In [None]:
import pandas as pd
import datetime

1. Introduction
2. Data Description:
    1. Twitter Data
        1. Columns we will be using
        2. Limitations of the data
    2. Covid Global data
        1. Columns we will be using
        2. Limitations of the data
    3. Ethical Consideration
3. Data Preperation, Cleaning and Manipulation:
4. Exploratory Data Analysis (EDA):
    1. Tweeter
    2. COCID-19
5. Sentiment Analysis:
6. Correlation Analysis:

## 1. Introduction

As the pandemic has impacted the globe for 3 years and continued to reach repetitive peaks in different regions, epidemics and corresponding preventive measures have become the center of discussion and concerns to modern society. While previously it was much difficult to collect adequate reactions to vaccines across different communities at one place, twitter allows us to access expressed sentiments from a variety of communities.

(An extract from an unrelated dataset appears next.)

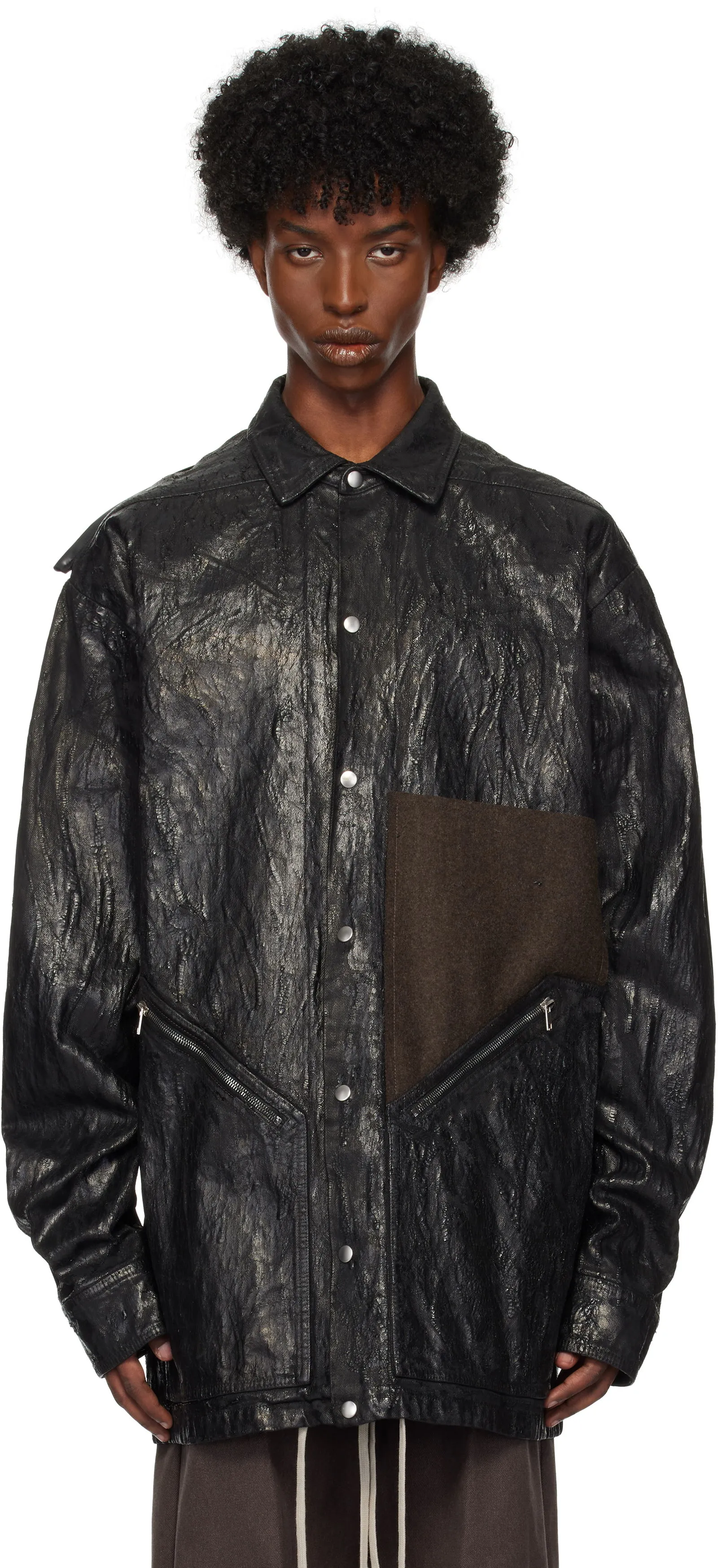 Rick Owens Turbo Jacket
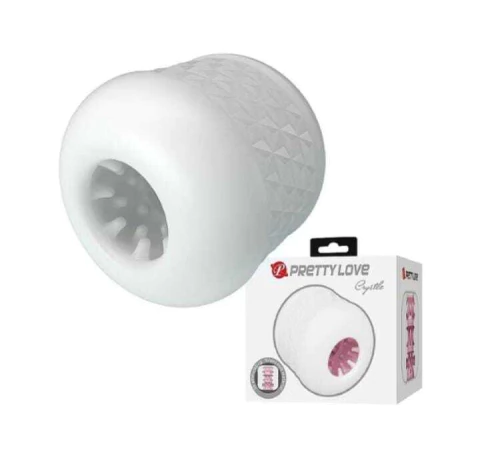 Mini Masturbador Vazado - Formato de EGG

With that comes various opinions about the vaccine, and many choose to be vocal about their ideas on social media. We wondered whether looking at social media would help us understand what different communities across the world thought of the Vaccine, and whether such opinions are teetered by their socio-political climates and geographical locations.

To do this, we turned to Twitter and scraped tweets containing hastags related to the vaccine. We then took these datapoints and quantified their approval ratings by calcuatinng sentiment score for each text. We then expressed this information in the form of graphs and maps. Currently, we have 5000 datapoints, and over 2000 datapoints with geographical coordinates.

We hope that by reviewing these charts and maps, we can better understand the concerns different communitites have over the vaccine, and what may be contributing factors to this.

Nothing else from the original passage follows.